Labour opposes proposed Westside Tesco hypermarket
Labour Party members in Galway have backed a motion from city councillor Colette Connolly condemning the decision of the Galway City Council to rezone the former T O’hUiginn site at Rahoon Road to a District Neighbourhood Centre.
This change in zoning allows the owner to apply for planning permission for a major hypermarket on the site.
At a well attended meeting of the constituency council of the Labour Party, the representative forum for ordinary party members, participants expressed anger at the decision.
Members argued that rather than creating jobs, the proposed development would lead to job losses by displacement of existing employment.
A spokesman referred to recent studies in the UK illustrating that for each 100 so called ‘new jobs’ being created, 170 jobs in competitor businesses are lost.
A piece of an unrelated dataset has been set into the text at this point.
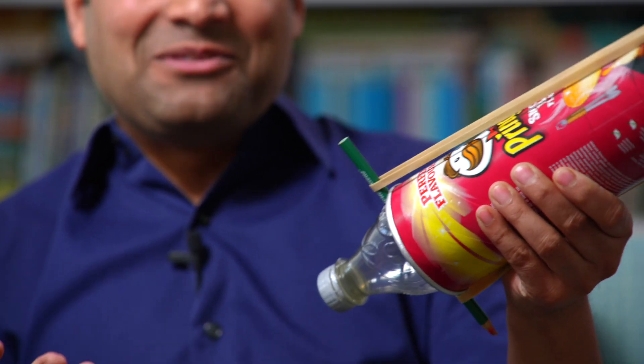Many years later, I came across another design which is in my book, Recipes for Wonder, which is this — the Crisp Tin Cannon. And again, I really love this as a toy.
The spokesperson added that “competition is in fact greatly reduced as the smaller shops and supermarkets close or scale back”.
Labour estimates that the proposed hypermarket development could result in “up to 400 existing retail workers in Galway losing their jobs”.
The meeting noted how following widespread consultation with community groups during 2009/10, Galway Labour submitted proposals for improved transport solutions for the city.
These proposals included the long overdue completion to the inner city bypass, with the current improvements to Seamus Quirke Road designed to finally remove a major traffic bottleneck.
“The proposed hypermarket development however will do much to negate the €15 million that the taxpayer is contributing to this project,” said a party spokesperson.
The party is also concerned about the level of traffic such a development could generate.
“Using the Headford Road Shopping Centre as reference, each parking space is utilised for less than 40 minutes on average,” said the spokesperson. “The new development seeks 460 parking spaces and anticipates 12 hour peak operation. Traffic flows of up to 690 per hour or 8,000 per day per day can be expected.”
Labour members said they “welcome well planned investment in the city that leads to sustainable job creation” but that this hypermarket “does not represent such a development”.